* STORED DATA:
/---

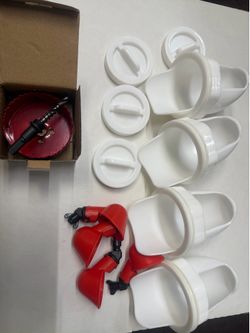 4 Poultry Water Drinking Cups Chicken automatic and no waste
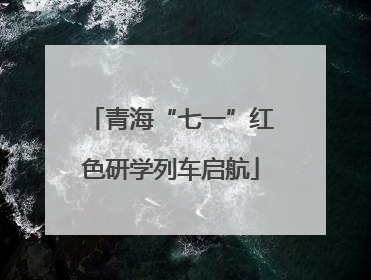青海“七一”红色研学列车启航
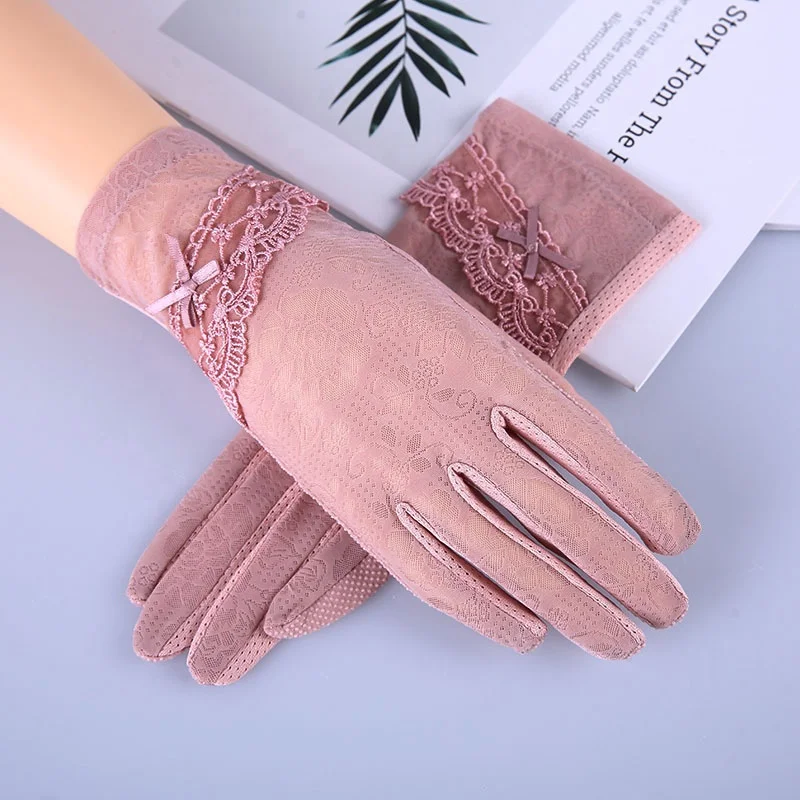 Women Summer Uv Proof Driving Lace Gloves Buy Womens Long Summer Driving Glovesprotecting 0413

\---

* GOAL OF THE EXERCISE: Write out the whole listing exactly, and drop the pictures.

* PROBLEM SOLUTION:
 4 Poultry Water Drinking Cups Chicken automatic and no waste
青海“七一”红色研学列车启航
 Women Summer Uv Proof Driving Lace Gloves Buy Womens Long Summer Driving Glovesprotecting 0413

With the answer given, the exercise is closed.